One of Mr. Danziger's recent illustrations features National Security Adviser Condoleezza Rice as a semi-literate mammy. Ms. Rice--a Russia scholar, former provost of Stanford University and concert pianist--is drawn barefoot and wearing a housedress. Mr. Danziger forgot to put a handkerchief on her head, but the size of her lips has been exaggerated sufficiently to make up for that oversight. She's sitting in a rocking chair and nursing an aluminum tube as though it were an infant. The caption reads: "I KNOWS ALL ABOUT ALUMINUM TUBES! (Correction) I DON'T KNOW NUTHIN' ABOUT ALUMINUM TUBES . . ."

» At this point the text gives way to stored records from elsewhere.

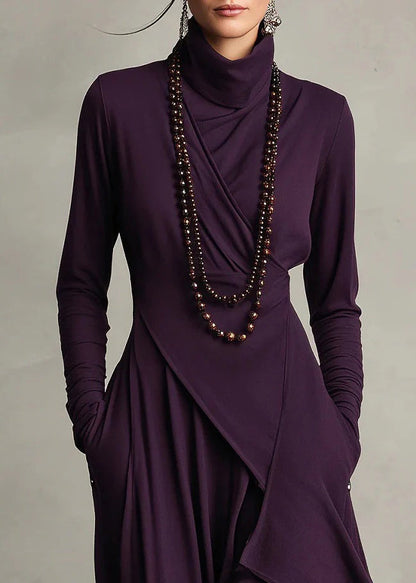 Style Purple High Neck Asymmetrical Cotton Long Dresses Fall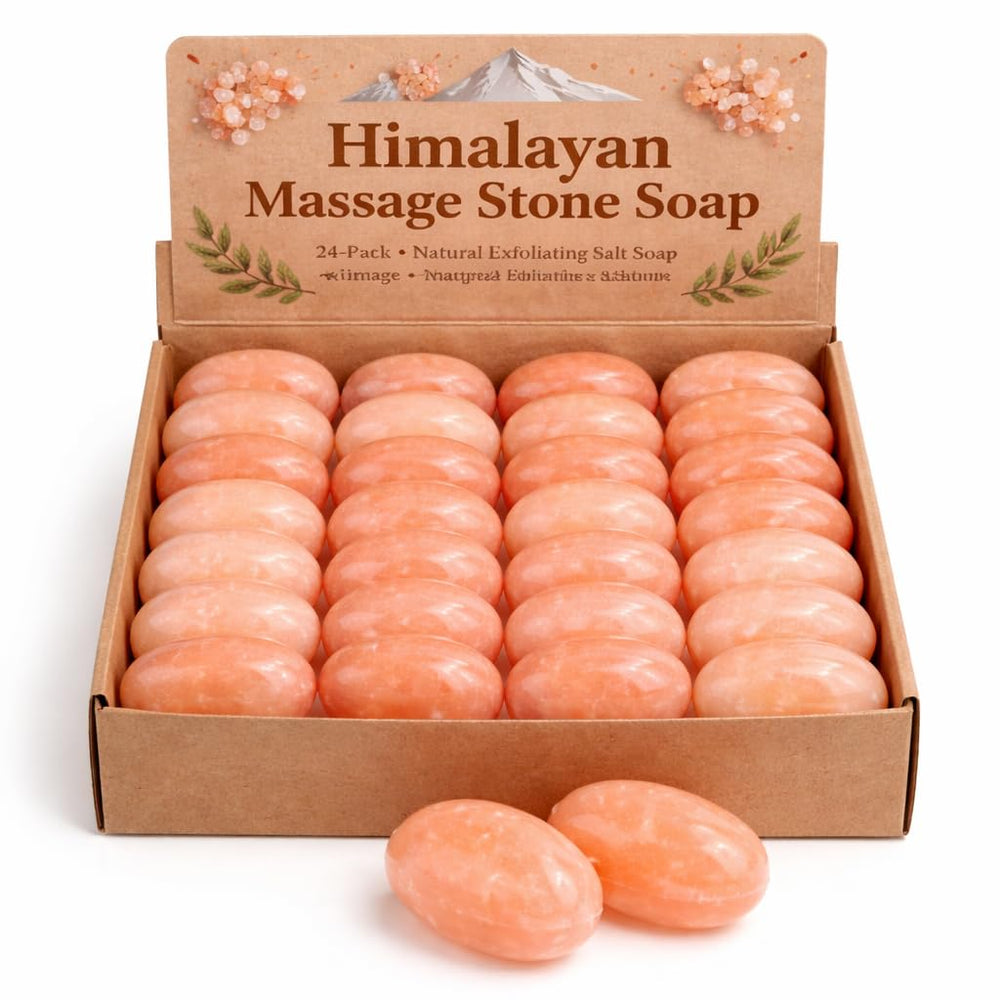 Pierre de massage ovale rose Pure Himalayan Salt Works pour détente musculaire et spa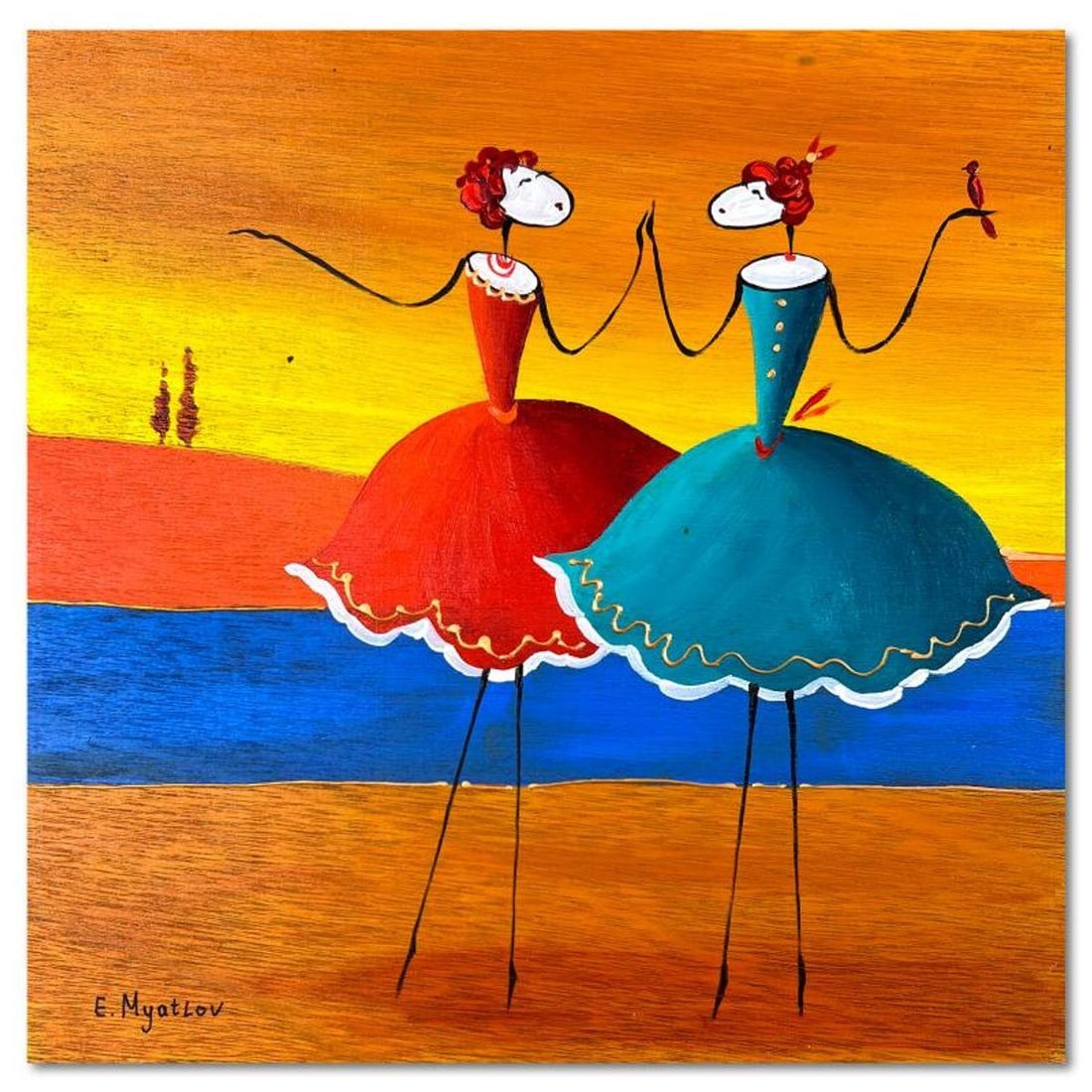 Ester Myatlov, Hand Signed Original Painting on Wood Panel with Letter of Authenticity.: This is an original painting oil on wood panel by Ester Myatlov. Hand signed by the artist, this piece comes with a letter of authenticity. Measures approximately 10" x 10" (image).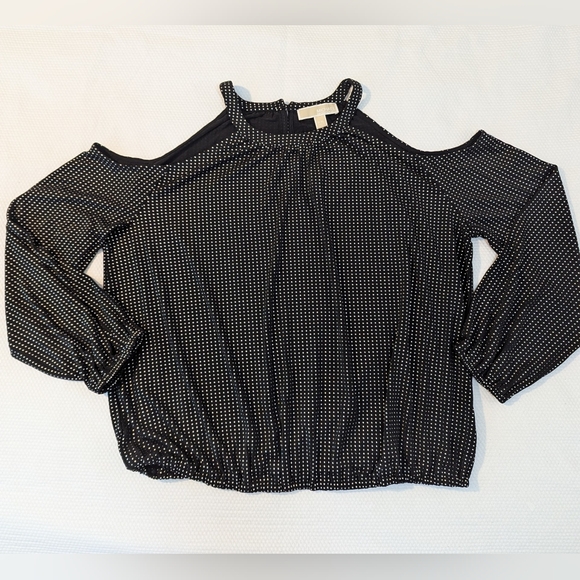 Michael kors cold shoulder smock long sleeve Black rhinestone size PXL. - Picture 4 of 9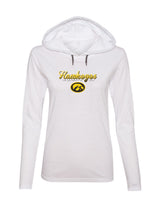 Women's Iowa Hawkeyes Long Sleeve Hooded Tee Shirt - Script Hawkeyes Full Color Fade Oval Tigerhawk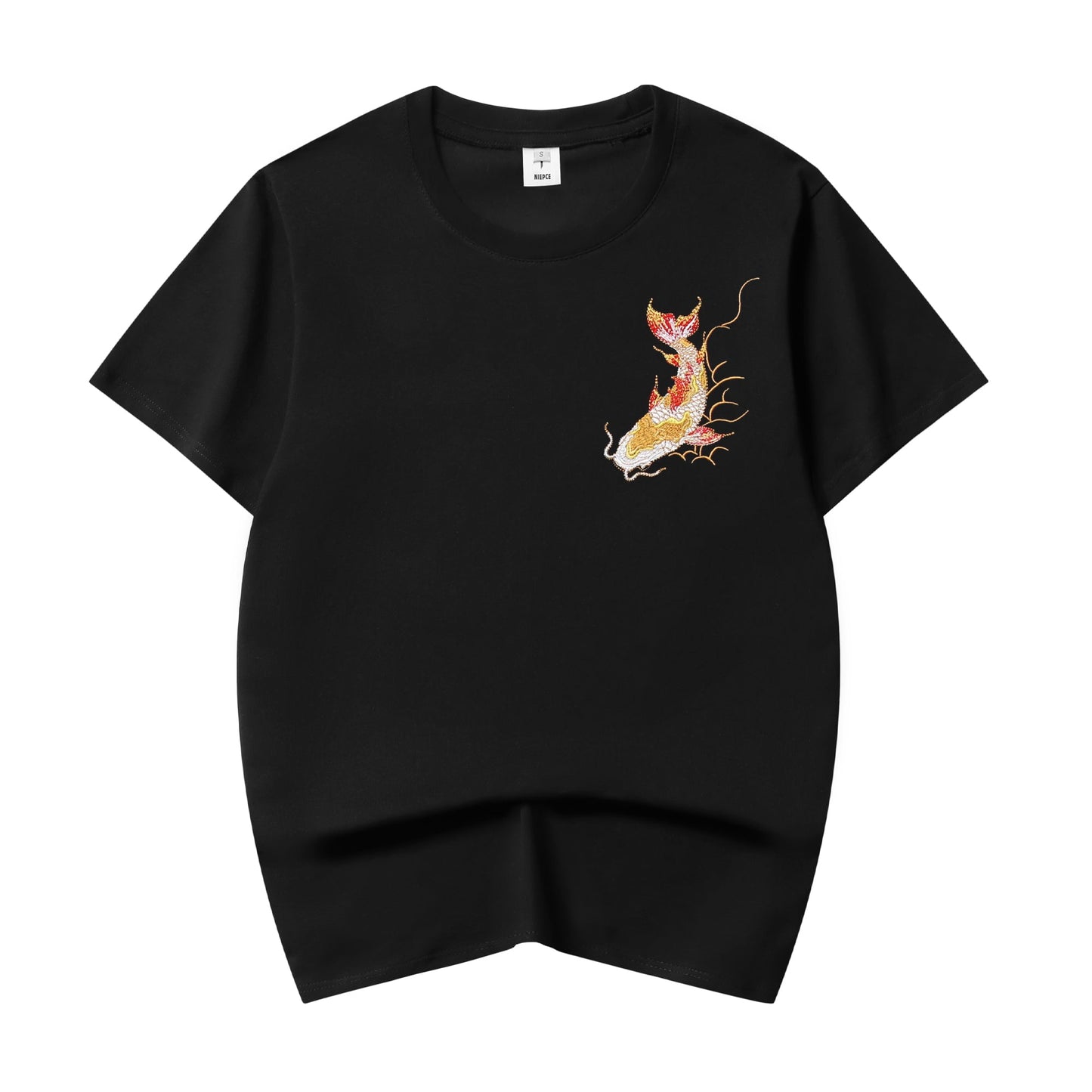 T-shirt brodé poisson koï doré KH852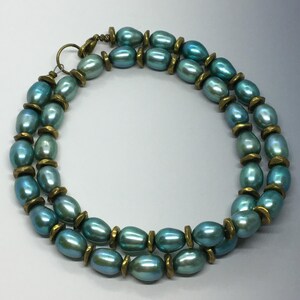 Teal Pearls with Bronze Nuggets Necklace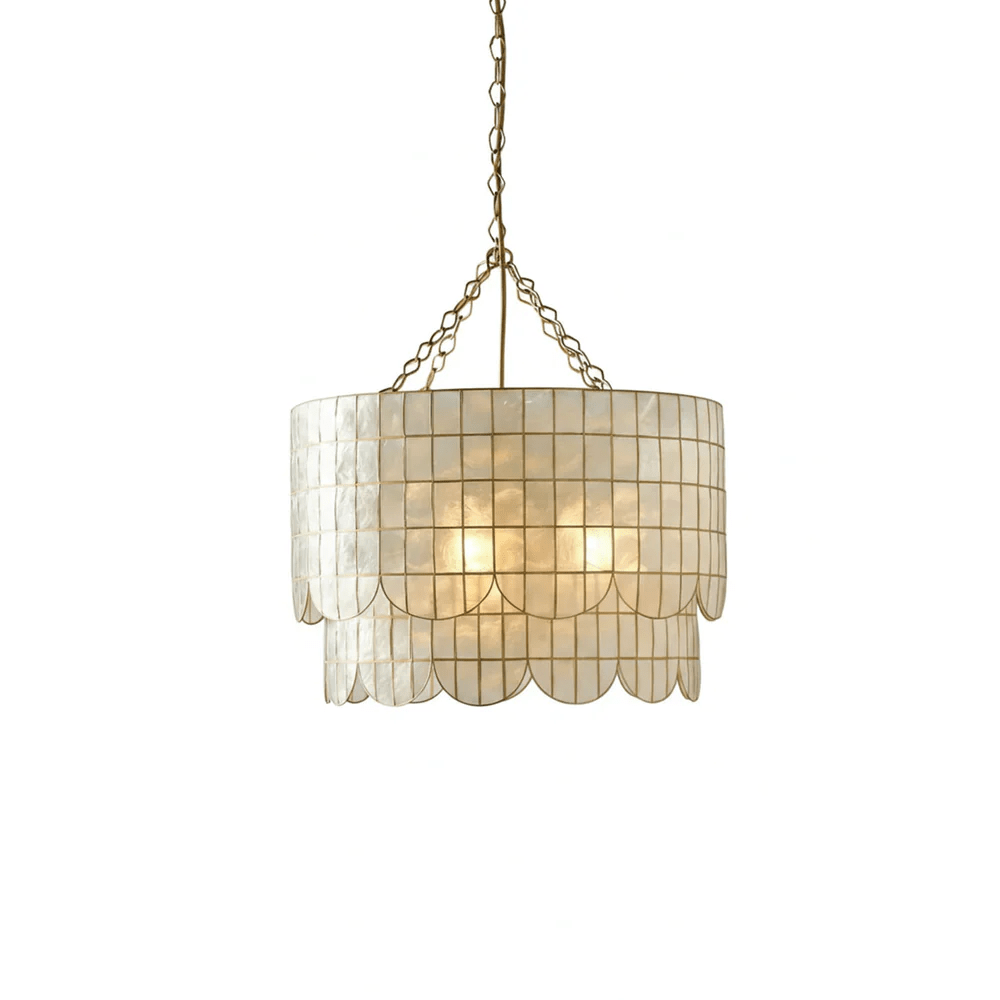 Flyn Gold Shell Metal Wavecrest Chandelier-Neutral Decor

Mr. Danziger, a proud member of the media's "Bush Lied!" brigade, is making a point about the administration's supposed manipulation of prewar intelligence on Iraq. The caption is an apparent reference to Prissy, the house slave in "Gone With the Wind" who uttered something similar about babies.
A substantive debate about the president's handling of the war is something reasonable people welcome, especially in an election year. But it's impossible to see where the national security adviser's race or sex fits in to a debate about what Saddam Hussein planned to do with his aluminum tubes.
Prompted by a deluge of complaints about the caricature, Mr. Danziger sent out a form letter defending himself. He says that the cartoon isn't racist because the idea "was suggested to me by a friend who is African-American"--as if blacks are incapable of being racist. He then goes on to dismiss Ms. Rice as "a political operative, out of her depth." This is a man who doesn't know when to stop digging.
The cartoon has since been removed from both Mr. Danziger's Web site and that of the New York Times Syndicate, which distributes it. But racist or not, the illustration is certainly revealing. For liberals, Condi Rice's real crime is bucking Democratic orthodoxy and working for a conservative president. This makes her fair game for race-based attacks even when the issue at hand has absolutely nothing to do with race. She is a black woman who, in Mr. Danziger's view, has wandered off the liberal plantation. And this is his way of putting Ms. Rice and other black conservatives in their place.